12.5.14

Erdoğan’s Condolences: Too Little, Too Late within a Steadily Changing Context

Ara Sanjian
 
After the Islamist Justice and Development Party (Adalet ve Kalkınma Partisi or AKP) started governing Turkey in 2002, a number of Turkey watchers privately told their Armenian friends to expect a different approach from this new political elite regarding Ankara’s official position on the Armenian Genocide of 1915. They argued that the Young Turks, who executed the genocide, were positivists, nationalists, and social-Darwinists, not Islamists. Mustafa Kemal (Atatürk), the founder of the Turkish Republic, which replaced the Ottoman Empire, had himself been a Young Turk. When, in 1919, he embarked upon his nationalist struggle against the victorious World War I Allies, Greeks and Armenians, many former Young Turks joined him because remaining loyal to the Ottoman sultan could have led to their arrest, trial, and conviction for involvement in the genocide. The modern Turkish nation-state, which Atatürk built, could not have been achieved had Armenians and Greeks continued to live in large numbers in eastern Turkey. For Young Turks-cum-Kemalists, recognizing Ottoman Turkish government responsibility in effecting the Armenian Genocide would be tantamount to accepting that many of the founders of their cherished republic were implicated in one of the twentieth century’s bloodiest episodes. The ideological predecessors of the Islamists, conversely, were not in power in 1915. The Islamists do not idealize Atatürk’s republic. It would be easier for them to come to terms with this painful chapter and thus end the ongoing antagonism with Armenians.
This scenario is yet to be realized. However, there have been noticeable changes in Turkish attitudes toward what they now call ‘the events of 1915.’ A number of collections of primary documents and key secondary studies on the Armenian Genocide published outside Turkey have been translated to Turkish and are available in bookstores. Next to these translations, it is also possible to find a few books, originally written in Turkish and authored by Turkish citizens, openly admitting the genocidal nature of the 1915 killings.

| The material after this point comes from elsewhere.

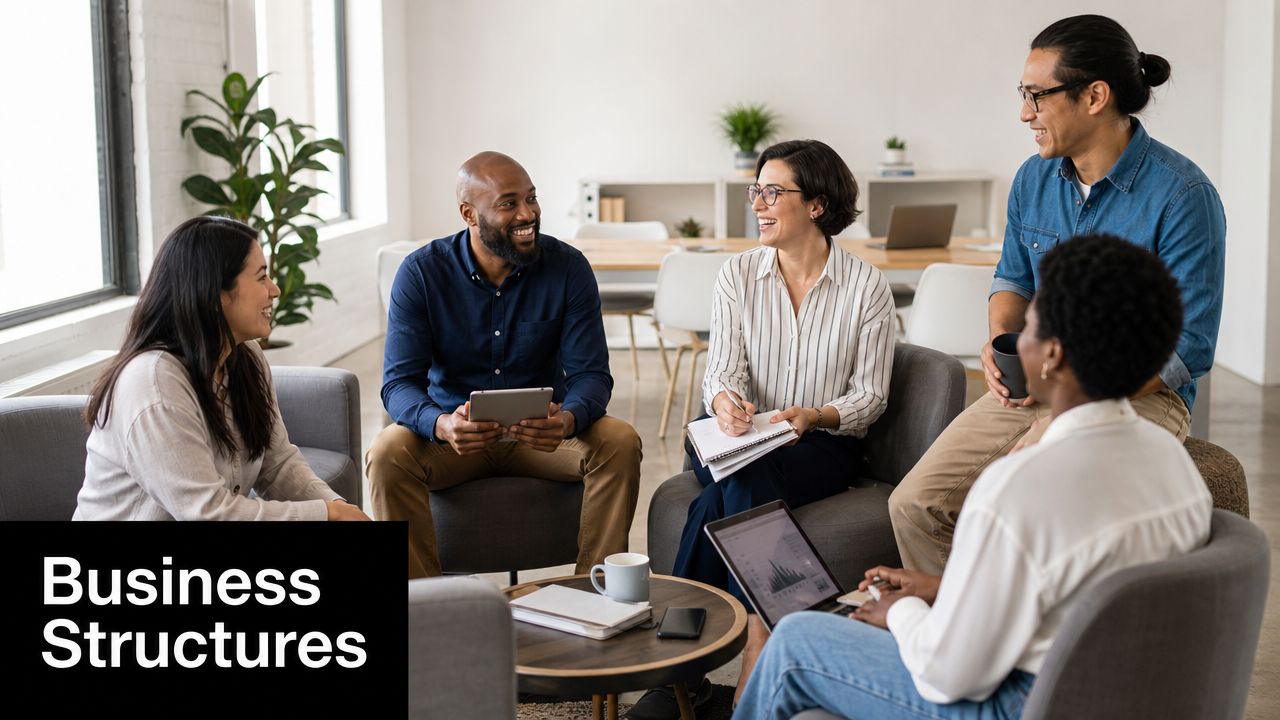 A diverse group of professional colleagues collaborating in a bright modern office meeting space.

Article 301 of the Penal Code, which criminalizes the ‘denigration of Turkishness,’ was frequently used in the past to silence Turkish voices who acknowledged the immensity of Armenian suffering in 1915. This practice has apparently now been put on hold. Most symbolically, it is now an annual tradition for a small number of liberal-minded Turkish citizens to commemorate in Istanbul every April 24, the anniversary of the Armenian Genocide. In 2005, a group of Turkish historians and intellectuals, critical of the official interpretation of ‘the events of 1915,’ were permitted to organize an academic conference, where the genocide was openly acknowledged. In November 2013, a further conference in Istanbul broached another previously taboo subject, that of Armenians who survived the genocide only through voluntary or forced Islamization. Kurdish deputies in Turkey’s parliament have raised the issue of condemning and apologizing for the Armenian Genocide more than once.
While most of these developments have occurred under AKP rule, Islamists are not among those pushing for change. The pioneers of this new approach are liberal-minded intellectuals with ideals very different from those of the Islamist current. They dream of a tolerant, multi-ethnic, and multi-cultural Turkish society, celebrating its own diversity. Moreover, this steadily growing movement, despite the interest it has created for providing an alternative to the government’s standpoint, is still very small and remains largely confined to Istanbul. It coexists uneasily with the official discourse, which continues to be incomparably dominant not only among government circles and the political elites of the mainstream, but also across Turkey’s many provincial universities.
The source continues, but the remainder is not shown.